The report notes that the Irish property market has substantially increased in value in recent years, which can promise a solid short-to-medium term investment for anyone looking to launder money. Although there is little evidence to suggest that Dublin has become a home for the world’s oligarchs in the same way as other major capitals, the report states the controls around the sector leave some room for concern, especially given the low level of anti-money laundering compliance by property service providers such as real estate agents. The risk that Irish company formation agents, lawyers and accountants are acting as ‘gatekeepers’ or ‘professional enablers’ on behalf of organised crime groups and corrupt individuals is highlighted as well. The report also deals with the mechanisms by which the proceeds of corruption is seized and repatriated to the victim country by the Irish authorities.

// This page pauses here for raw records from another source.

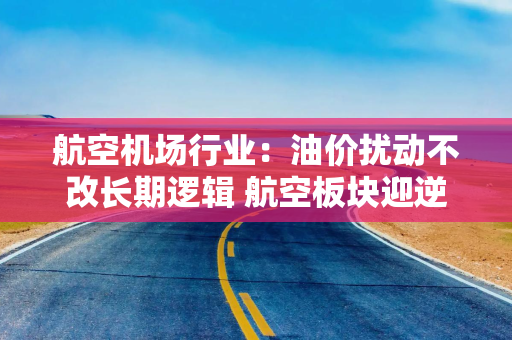 航空机场行业：油价扰动不改长期逻辑 航空板块迎逆向布局窗口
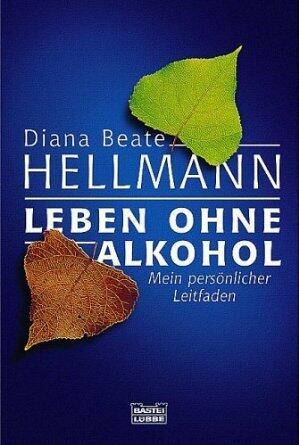 Leben ohne Alkohol. Mein persönlicher Leitfaden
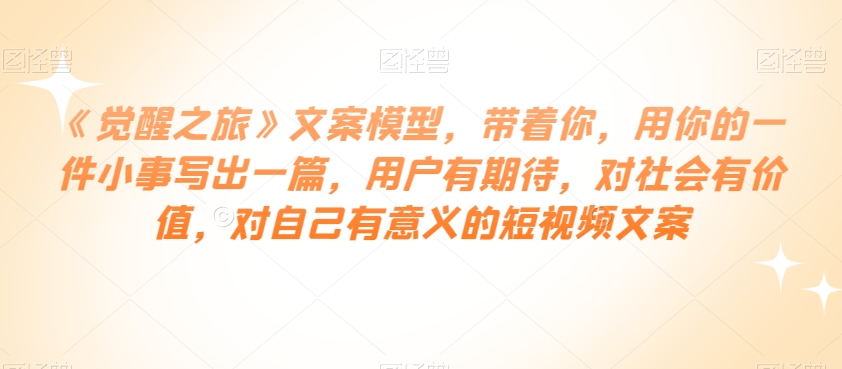 《觉醒之旅》文案模型，带着你，用你的一件小事写出一篇，用户有期待，对社会有价值，对自己有意义的短视频文案_泡桐学堂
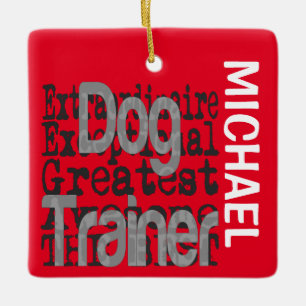 Dog Trainer Extraordinaire CUSTOM Keramikornament
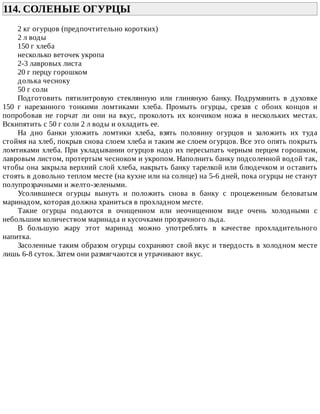 114.	СОЛЕНЫЕ	ОГУРЦЫ	
2	кг	огурцов	(предпочтительно	коротких)
2	л	воды
150	г	хлеба
несколько	веточек	укропа
2-3	лавровых	листа
20	г	перцу	горошком
долька	чесноку
50	г	соли
Подготовить	 пятилитровую	 стеклянную	 или	 глиняную	 банку.	 Подрумянить	 в	 духовке
150	 г	 нарезанного	 тонкими	 ломтиками	 хлеба.	 Промыть	 огурцы,	 срезав	 с	 обоих	 концов	 и
попробовав	 не	 горчат	 ли	 они	 на	 вкус,	 проколоть	 их	 кончиком	 ножа	 в	 нескольких	 местах.
Вскипятить	с	50	г	соли	2	л	воды	и	охладить	ее.
На	 дно	 банки	 уложить	 ломтики	 хлеба,	 взять	 половину	 огурцов	 и	 заложить	 их	 туда
стоймя	на	хлеб,	покрыв	снова	слоем	хлеба	и	таким	же	слоем	огурцов.	Все	это	опять	покрыть
ломтиками	хлеба.	При	укладывании	огурцов	надо	их	пересыпать	черным	перцем	горошком,
лавровым	листом,	протертым	чесноком	и	укропом.	Наполнить	банку	подсоленной	водой	так,
чтобы	она	закрыла	верхний	слой	хлеба,	накрыть	банку	тарелкой	или	блюдечком	и	оставить
стоять	в	довольно	теплом	месте	(на	кухне	или	на	солнце)	на	5-6	дней,	пока	огурцы	не	станут
полупрозрачными	и	желто-зелеными.
Усолившиеся	 огурцы	 вынуть	 и	 положить	 снова	 в	 банку	 с	 процеженным	 беловатым
маринадом,	которая	должна	храниться	в	прохладном	месте.
Такие	 огурцы	 подаются	 в	 очищенном	 или	 неочищенном	 виде	 очень	 холодными	 с
небольшим	количеством	маринада	и	кусочками	прозрачного	льда.
В	 большую	 жару	 этот	 маринад	 можно	 употреблять	 в	 качестве	 прохладительного
напитка.
Засоленные	таким	образом	огурцы	сохраняют	свой	вкус	и	твердость	в	холодном	месте
лишь	6-8	суток.	Затем	они	размягчаются	и	утрачивают	вкус.
 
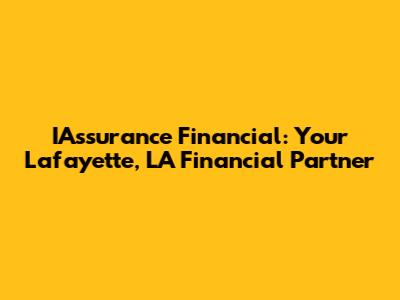 IAssurance Financial: Your Lafayette, LA Financial Partner
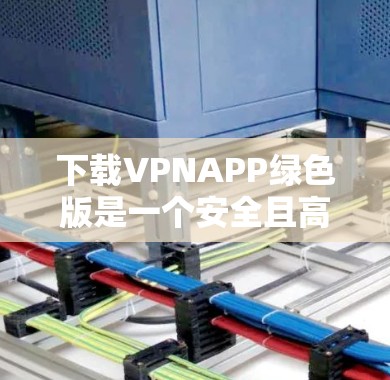 下载VPNAPP绿色版是一个安全且高效的网络连接方式，以下是详细的步骤指南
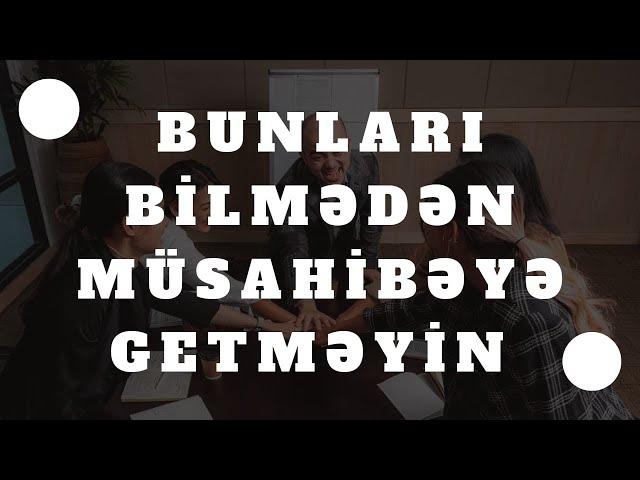 Bunları bilmeden müsahibəyə getməyin ! Miq/Sertifikasiya (Müsahibə mərhələsi)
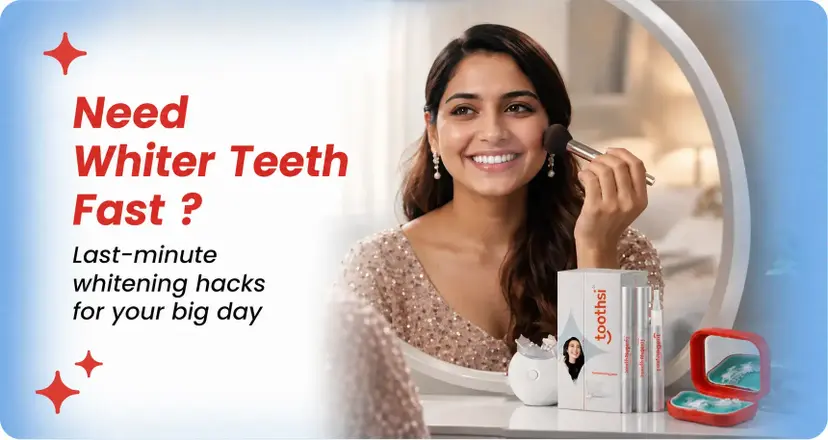 How to Whiten Teeth Fast for Special Occasions | Last-Minute Hacks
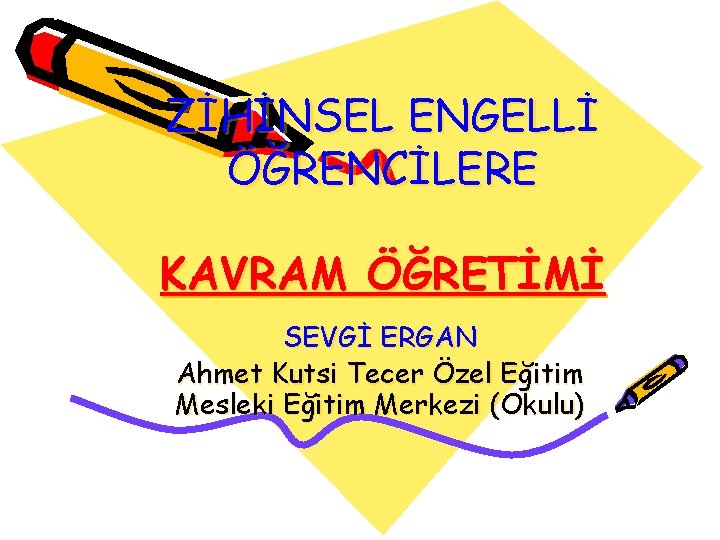 ZİHİNSEL ENGELLİ ÖĞRENCİLERE KAVRAM ÖĞRETİMİ SEVGİ ERGAN Ahmet Kutsi Tecer Özel Eğitim Mesleki Eğitim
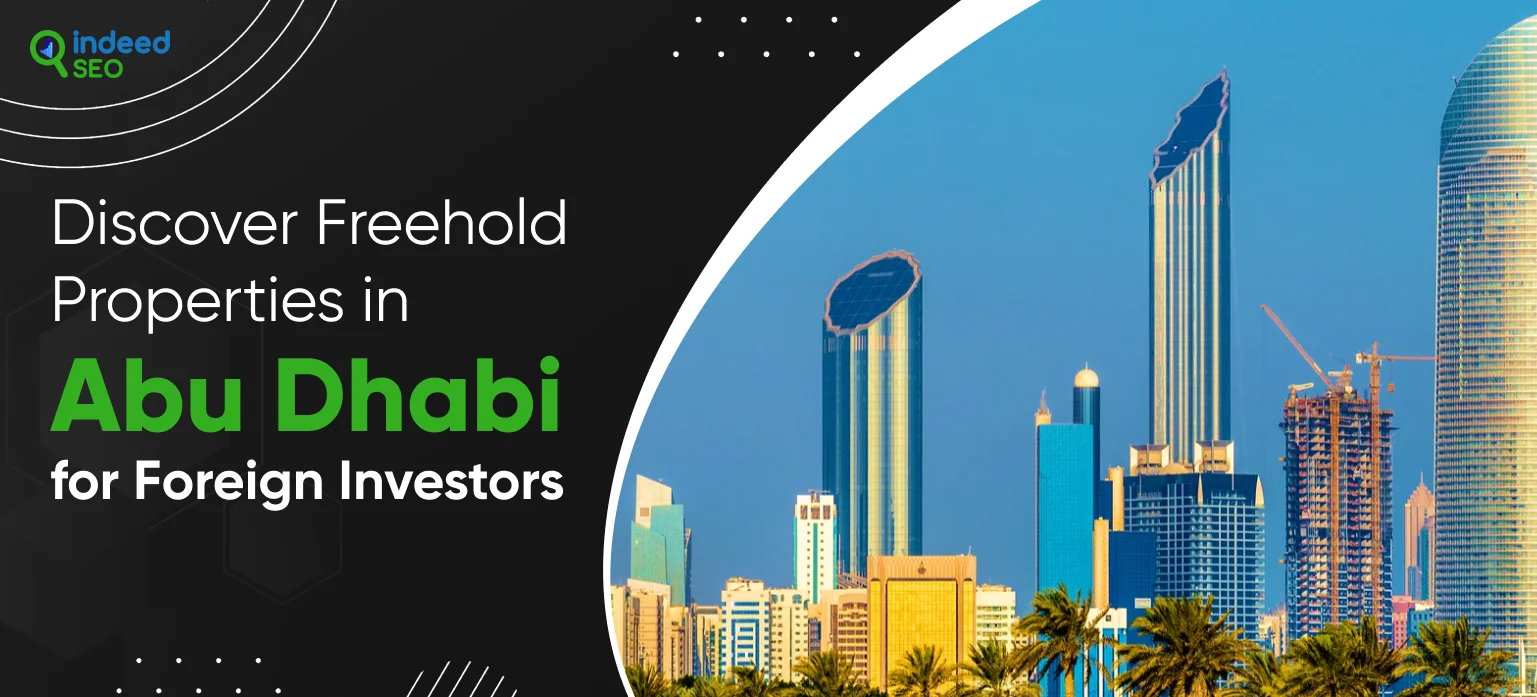 Discover Freehold Properties in Abu Dhabi for Foreign Investors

TI Ireland’s 18 recommendations to stem the tide of dirty money into the country, include the development of a national strategy against corruption and related money laundering offences; the establishment of a unified National Anti-Corruption Bureau and anti-money laundering supervisory authority for Designated Non-Financial Businesses and Professions (DNFBPs); as well as the prohibition of continued sale of dormant shelf companies in Ireland; and the requirement that legal persons acting as beneficiaries of life insurance policies become a heightened risk factor for relevant firms’ anti-money risk assessments. In the meantime, TI Ireland has called for additional resourcing of Ireland’s law enforcement and regulatory agencies including the Garda National Economic Crime Bureau.